Há de se enaltecer o trabalho de Joaquin Phoenix. O ator construiu risos histéricos diferentes entre si, tornando possível identificar rapidamente o que há por trás deles, seja angústia, medo, dor ou fúria. Sua linguagem corporal vai se tornando gradativamente mais desenvolta conforme a persona do Coringa surge e suprime a de Fleck. Um paradoxo alinhado à principal simbologia do filme: escadas marcam a jornada entre os dois estados de espírito do protagonista, a mais icônica sendo a que o leva até o apartamento onde vive com a mãe (a excelente Frances Conroy).

Sempre que Arthur está subindo uma escada (o que normalmente simboliza uma jornada positiva), há um destino desagradável. Mas ao fim das descidas (uma analogia direta para a completa deterioração mental de Fleck), as mudanças são positivas (indicadas por portas que dão para exteriores iluminados, trilha sonora harmônica etc.), como se o abraço à loucura fosse a verdadeira libertação do personagem.

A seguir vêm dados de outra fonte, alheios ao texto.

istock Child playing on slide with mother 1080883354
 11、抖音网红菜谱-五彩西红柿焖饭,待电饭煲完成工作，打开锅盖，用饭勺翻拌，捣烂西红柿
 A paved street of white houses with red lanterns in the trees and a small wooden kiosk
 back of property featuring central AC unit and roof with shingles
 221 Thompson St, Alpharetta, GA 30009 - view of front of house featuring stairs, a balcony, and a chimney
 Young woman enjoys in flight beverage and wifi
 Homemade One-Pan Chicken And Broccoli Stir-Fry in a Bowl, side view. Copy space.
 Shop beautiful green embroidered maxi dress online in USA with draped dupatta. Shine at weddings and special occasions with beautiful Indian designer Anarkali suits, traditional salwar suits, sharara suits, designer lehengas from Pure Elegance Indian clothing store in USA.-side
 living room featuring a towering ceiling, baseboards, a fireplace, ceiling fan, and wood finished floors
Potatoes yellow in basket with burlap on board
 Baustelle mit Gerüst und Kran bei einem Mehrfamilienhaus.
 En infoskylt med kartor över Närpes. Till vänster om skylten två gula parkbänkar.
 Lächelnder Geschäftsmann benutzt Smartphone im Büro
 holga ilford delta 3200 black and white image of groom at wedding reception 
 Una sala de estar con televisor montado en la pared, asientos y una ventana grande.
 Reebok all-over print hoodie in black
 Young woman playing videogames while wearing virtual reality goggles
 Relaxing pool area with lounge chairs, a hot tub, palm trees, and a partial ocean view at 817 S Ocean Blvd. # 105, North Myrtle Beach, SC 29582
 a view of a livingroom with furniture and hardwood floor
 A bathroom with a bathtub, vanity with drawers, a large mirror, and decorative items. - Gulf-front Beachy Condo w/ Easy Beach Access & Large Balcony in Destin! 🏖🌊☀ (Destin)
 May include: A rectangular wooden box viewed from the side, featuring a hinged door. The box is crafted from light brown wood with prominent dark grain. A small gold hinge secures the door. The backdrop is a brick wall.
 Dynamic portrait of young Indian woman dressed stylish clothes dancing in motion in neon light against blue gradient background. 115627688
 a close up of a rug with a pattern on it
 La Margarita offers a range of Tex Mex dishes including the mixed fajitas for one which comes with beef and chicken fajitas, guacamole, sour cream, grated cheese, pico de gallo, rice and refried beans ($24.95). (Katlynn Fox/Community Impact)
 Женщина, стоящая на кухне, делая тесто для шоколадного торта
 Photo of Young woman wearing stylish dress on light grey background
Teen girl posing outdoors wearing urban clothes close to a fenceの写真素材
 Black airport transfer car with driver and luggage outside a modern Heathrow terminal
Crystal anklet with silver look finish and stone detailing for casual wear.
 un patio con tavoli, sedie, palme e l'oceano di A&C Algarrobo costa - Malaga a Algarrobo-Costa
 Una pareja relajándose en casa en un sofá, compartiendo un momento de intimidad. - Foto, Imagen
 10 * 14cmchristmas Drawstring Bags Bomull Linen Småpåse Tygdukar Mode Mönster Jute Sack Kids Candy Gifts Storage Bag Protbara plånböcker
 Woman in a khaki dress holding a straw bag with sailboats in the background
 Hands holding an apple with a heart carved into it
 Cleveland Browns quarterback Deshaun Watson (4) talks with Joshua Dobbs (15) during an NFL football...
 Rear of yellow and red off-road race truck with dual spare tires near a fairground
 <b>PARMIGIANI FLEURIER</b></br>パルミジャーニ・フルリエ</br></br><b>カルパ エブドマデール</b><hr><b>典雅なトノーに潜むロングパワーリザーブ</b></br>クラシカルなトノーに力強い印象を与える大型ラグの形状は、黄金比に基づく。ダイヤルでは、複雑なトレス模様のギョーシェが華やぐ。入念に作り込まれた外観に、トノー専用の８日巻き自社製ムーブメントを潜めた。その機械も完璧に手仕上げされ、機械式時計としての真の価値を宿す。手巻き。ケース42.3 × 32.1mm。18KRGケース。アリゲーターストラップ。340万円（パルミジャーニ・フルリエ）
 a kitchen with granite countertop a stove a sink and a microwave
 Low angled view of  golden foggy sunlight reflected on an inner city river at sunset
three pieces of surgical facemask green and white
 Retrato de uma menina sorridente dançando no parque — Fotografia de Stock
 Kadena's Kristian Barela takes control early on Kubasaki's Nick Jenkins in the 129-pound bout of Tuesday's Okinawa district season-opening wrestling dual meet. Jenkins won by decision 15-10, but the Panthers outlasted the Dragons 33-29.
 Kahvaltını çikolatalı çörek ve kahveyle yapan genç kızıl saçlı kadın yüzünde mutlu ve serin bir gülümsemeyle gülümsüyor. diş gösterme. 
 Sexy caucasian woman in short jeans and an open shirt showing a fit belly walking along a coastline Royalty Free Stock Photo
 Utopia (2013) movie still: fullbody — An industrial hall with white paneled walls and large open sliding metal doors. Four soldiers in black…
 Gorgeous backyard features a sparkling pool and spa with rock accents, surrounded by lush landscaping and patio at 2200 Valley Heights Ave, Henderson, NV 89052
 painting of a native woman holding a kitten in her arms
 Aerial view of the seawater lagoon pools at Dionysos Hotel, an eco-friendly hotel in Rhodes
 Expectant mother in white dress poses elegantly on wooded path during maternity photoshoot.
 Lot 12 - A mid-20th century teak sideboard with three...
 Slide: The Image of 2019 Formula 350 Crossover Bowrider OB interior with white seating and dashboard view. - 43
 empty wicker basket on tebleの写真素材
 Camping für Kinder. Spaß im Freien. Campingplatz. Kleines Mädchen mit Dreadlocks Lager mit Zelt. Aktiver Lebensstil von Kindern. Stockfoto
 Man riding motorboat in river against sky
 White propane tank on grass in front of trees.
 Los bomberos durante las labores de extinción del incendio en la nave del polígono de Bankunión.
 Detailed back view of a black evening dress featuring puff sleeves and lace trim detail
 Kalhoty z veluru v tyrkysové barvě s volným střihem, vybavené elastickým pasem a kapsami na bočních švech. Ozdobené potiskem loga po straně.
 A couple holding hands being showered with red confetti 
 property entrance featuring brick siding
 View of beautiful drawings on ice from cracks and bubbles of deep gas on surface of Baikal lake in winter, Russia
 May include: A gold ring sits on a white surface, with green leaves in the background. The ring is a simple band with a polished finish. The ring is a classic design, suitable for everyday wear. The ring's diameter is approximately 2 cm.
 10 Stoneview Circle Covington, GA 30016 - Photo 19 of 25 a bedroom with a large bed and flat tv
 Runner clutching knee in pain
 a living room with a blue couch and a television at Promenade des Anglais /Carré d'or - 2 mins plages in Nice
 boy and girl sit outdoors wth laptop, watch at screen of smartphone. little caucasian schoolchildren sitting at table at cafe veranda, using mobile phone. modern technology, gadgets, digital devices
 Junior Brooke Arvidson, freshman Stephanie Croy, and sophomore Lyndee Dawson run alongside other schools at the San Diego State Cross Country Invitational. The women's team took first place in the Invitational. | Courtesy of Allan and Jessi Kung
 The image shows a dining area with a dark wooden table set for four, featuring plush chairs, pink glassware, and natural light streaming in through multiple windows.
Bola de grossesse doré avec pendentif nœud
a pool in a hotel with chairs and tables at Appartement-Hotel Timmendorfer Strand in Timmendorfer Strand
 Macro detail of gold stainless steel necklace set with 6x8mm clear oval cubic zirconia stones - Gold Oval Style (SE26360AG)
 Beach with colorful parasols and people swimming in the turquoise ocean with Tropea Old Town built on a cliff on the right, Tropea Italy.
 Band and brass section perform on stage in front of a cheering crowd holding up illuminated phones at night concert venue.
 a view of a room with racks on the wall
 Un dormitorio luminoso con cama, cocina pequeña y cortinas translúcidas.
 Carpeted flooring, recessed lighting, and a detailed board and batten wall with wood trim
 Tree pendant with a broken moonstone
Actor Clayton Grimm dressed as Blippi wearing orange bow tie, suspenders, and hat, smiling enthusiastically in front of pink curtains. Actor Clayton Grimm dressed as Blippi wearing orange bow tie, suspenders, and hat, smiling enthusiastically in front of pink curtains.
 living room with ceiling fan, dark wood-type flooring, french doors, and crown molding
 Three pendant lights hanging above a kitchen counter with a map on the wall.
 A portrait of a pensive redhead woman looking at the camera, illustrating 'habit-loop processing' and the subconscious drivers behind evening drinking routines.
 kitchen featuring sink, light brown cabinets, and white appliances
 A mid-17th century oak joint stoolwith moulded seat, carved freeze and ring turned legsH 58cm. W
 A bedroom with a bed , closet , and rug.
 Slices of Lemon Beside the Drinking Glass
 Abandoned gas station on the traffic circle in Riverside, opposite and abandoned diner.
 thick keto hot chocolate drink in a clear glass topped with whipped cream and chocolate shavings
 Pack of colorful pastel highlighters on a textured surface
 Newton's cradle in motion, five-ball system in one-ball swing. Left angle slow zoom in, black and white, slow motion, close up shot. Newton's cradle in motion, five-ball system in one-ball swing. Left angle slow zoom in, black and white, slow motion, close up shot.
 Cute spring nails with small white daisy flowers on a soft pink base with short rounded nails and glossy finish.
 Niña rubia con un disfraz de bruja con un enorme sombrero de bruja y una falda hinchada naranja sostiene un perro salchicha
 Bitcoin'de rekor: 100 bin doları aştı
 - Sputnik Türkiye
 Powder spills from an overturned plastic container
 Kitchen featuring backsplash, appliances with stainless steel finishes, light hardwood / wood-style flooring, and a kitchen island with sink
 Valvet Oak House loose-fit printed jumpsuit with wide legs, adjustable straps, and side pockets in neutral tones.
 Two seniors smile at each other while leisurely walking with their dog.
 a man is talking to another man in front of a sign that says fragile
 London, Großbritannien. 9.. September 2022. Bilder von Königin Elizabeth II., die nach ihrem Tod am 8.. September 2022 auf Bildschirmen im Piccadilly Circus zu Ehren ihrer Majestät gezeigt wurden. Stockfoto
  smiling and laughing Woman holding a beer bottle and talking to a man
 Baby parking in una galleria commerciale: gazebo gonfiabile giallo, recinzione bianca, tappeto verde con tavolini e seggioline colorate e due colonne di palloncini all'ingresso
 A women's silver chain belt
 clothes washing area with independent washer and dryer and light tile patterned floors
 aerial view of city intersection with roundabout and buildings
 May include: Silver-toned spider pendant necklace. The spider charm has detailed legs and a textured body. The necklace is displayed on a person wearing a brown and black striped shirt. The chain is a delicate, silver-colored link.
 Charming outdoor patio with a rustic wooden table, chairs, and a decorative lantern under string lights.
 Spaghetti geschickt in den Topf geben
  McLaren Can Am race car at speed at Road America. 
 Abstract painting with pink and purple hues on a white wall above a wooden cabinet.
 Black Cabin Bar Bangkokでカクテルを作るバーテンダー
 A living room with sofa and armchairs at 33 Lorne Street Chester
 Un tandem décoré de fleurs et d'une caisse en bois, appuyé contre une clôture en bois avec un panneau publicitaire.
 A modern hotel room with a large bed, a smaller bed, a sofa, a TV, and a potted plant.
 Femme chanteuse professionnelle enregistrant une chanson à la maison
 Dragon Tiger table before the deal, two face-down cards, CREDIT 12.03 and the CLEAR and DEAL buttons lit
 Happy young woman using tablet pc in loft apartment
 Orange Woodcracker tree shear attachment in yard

As acusações de que “Coringa” pode estimular o comportamento incel, apesar de não serem infundadas, são injustas: o incel vai se apropriar do símbolo à revelia do seu verdadeiro significado, mas Todd Phillips conseguiu, apoiado pelo trabalho brilhante de Phoenix, criar uma história muito particular para servir de exemplo para um coletivo. Um verdadeiro estudo de personagem. Indigesto, mas irresistível.